→ **WHAT TO WORK ON**: Go to the line below that contains "Ten Silhouettes of". From there to the end of the records, reproduce each line exactly, except the pictures.
RECORDS Start Marker
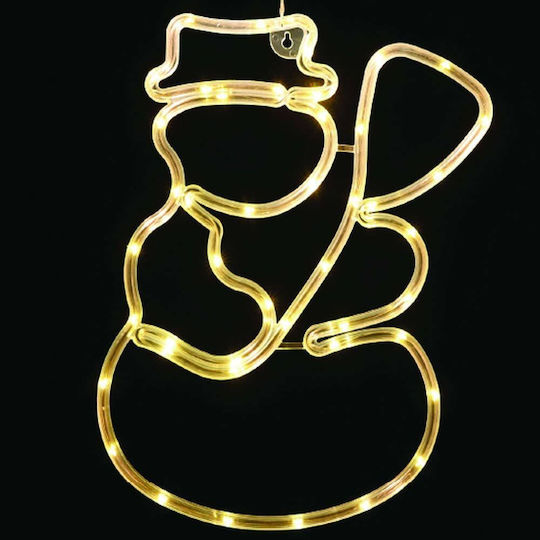 Aca Christmas Plastic Rope Light in Shape SNowman White 35.7x24.4cm 3pcs Snowman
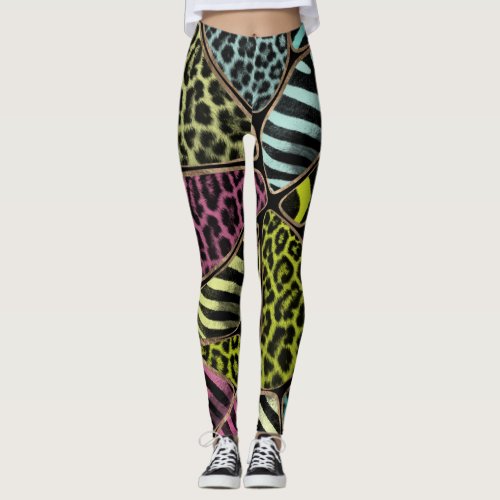Colorful Animal Print _ Leopard and Zebra Leggings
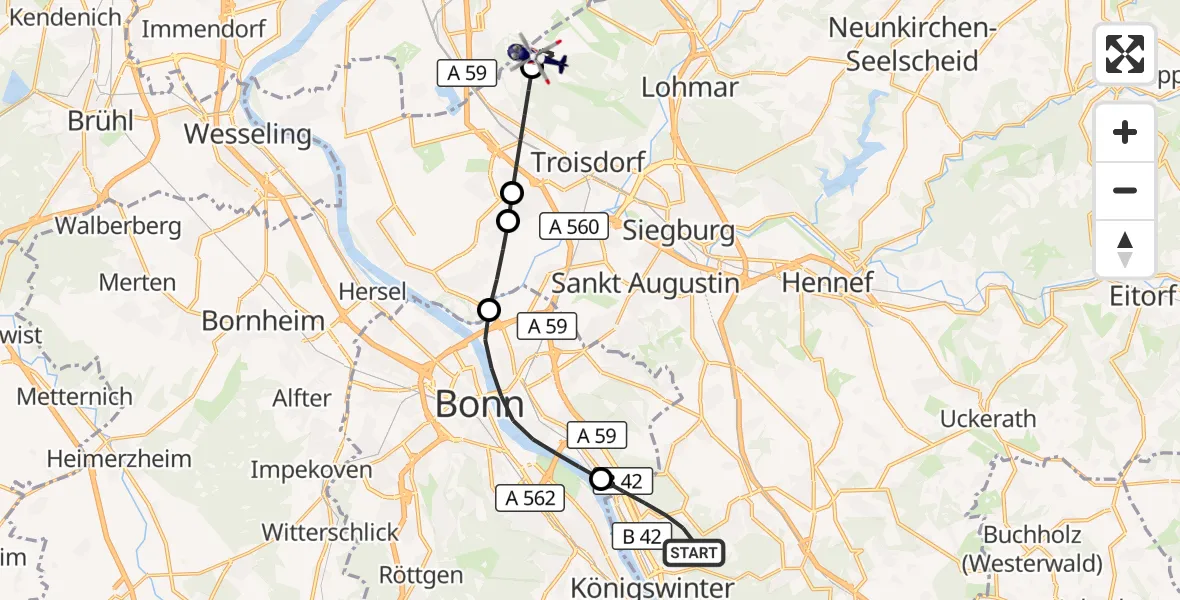 Flugroute Polizeihubschrauber Königswinter - Köln Bonn Flughafen, 03 September 2026, 07:20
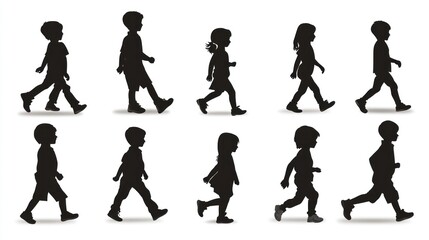 Ten Silhouettes of Children Walking: A Collection of Black and White Child Silhouettes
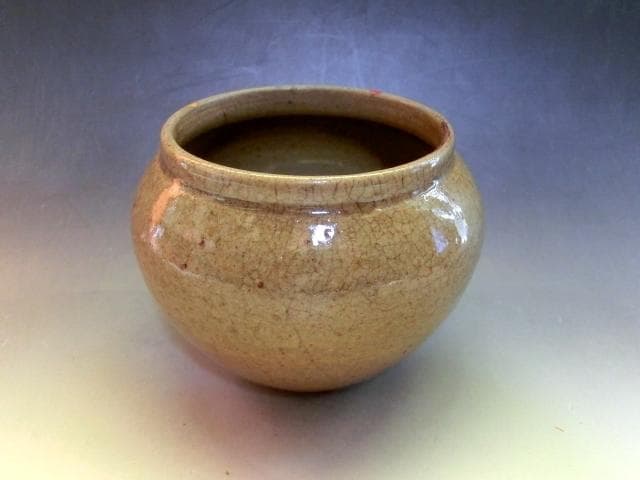 壷■合わせ箱 唐津口広壺 金継ぎ直し有り 古い花器 花瓶 置物 時代物 骨董品■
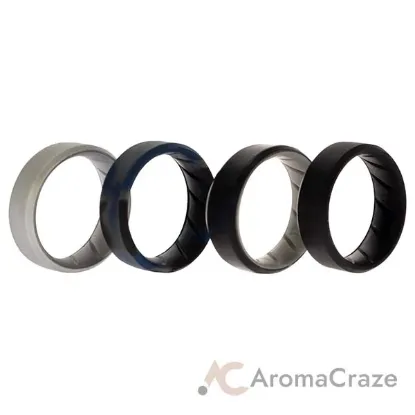 Picture of Silicone Wedding BR 8mm Edge Ring Set - Black-Blue-Camo by ROQ for Men - 4 x 11 mm Ring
RECORDS End Marker
→ **RESPONSE**:
 Ten Silhouettes of Children Walking: A Collection of Black and White Child Silhouettes
 壷■合わせ箱 唐津口広壺 金継ぎ直し有り 古い花器 花瓶 置物 時代物 骨董品■
 Picture of Silicone Wedding BR 8mm Edge Ring Set - Black-Blue-Camo by ROQ for Men - 4 x 11 mm Ring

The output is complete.